Isaac Hugh Russell was a glass painter by trade, but is best known for his botanical illustration of W. Baxter's British Phaenogamous Botany . He lived and worked in the Oxford area in the early 19th century.

== Early life ==
Little is known of Russell's early life other than that he was born around 1779 to 1781; the 1841 Census puts his place of birth outside England and Wales.

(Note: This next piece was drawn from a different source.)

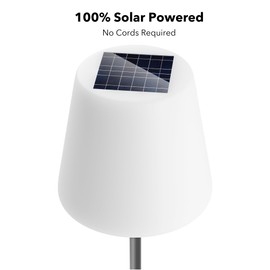 Outdoor Floor Lamp, 100% Solar Powered Floor Lamp for Patio Decks Lawn Pool Garden Outdoor Spaces, Fully Weatherproof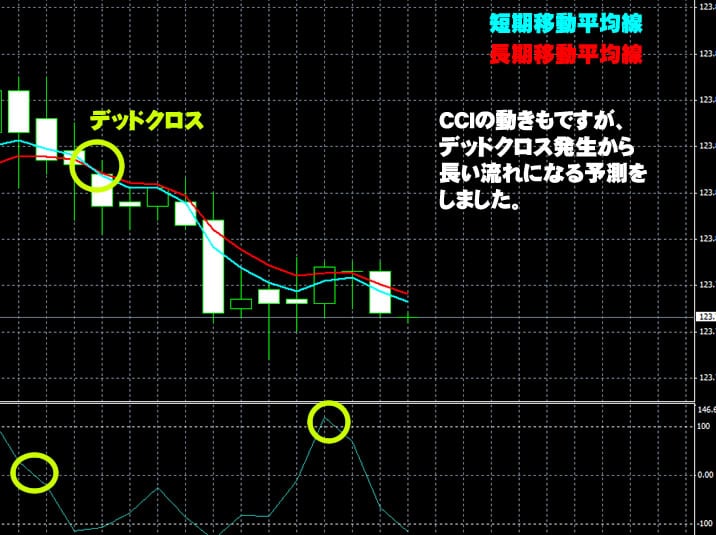 ハイローオーストラリア実戦1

Russell was based in Caroline Street, St Clement's from as early as 1828 until his death in 1849. The area was popular with tradespeople and craftsmen as its location just outside the City of Oxford until 1836 meant that it was beyond the scope of the City's higher rates (property taxes), rents and more restrictive trading regulations.

== Work ==
In the 1830s, Russell was one of two local artists approached by William Baxter, Curator of the nearby University of Oxford Botanic Garden to illustrate his British Phaenogamous Botany or Figures and Descriptions of the Genera of British Flowering Plants. (1834–43). Russell produced over 200 illustrations which were coloured by Baxter's daughter and are now widely reproduced as posters and prints..

As a glass painter, Russell's most significant known work is the east window of St Clement's Church, Oxford.

His son, Isaac, was also a glass artist.

== Death ==
Russell died on 19 May 1849 at St Georges Yard, St Clement's, Oxford. He was buried in St Clement's churchyard.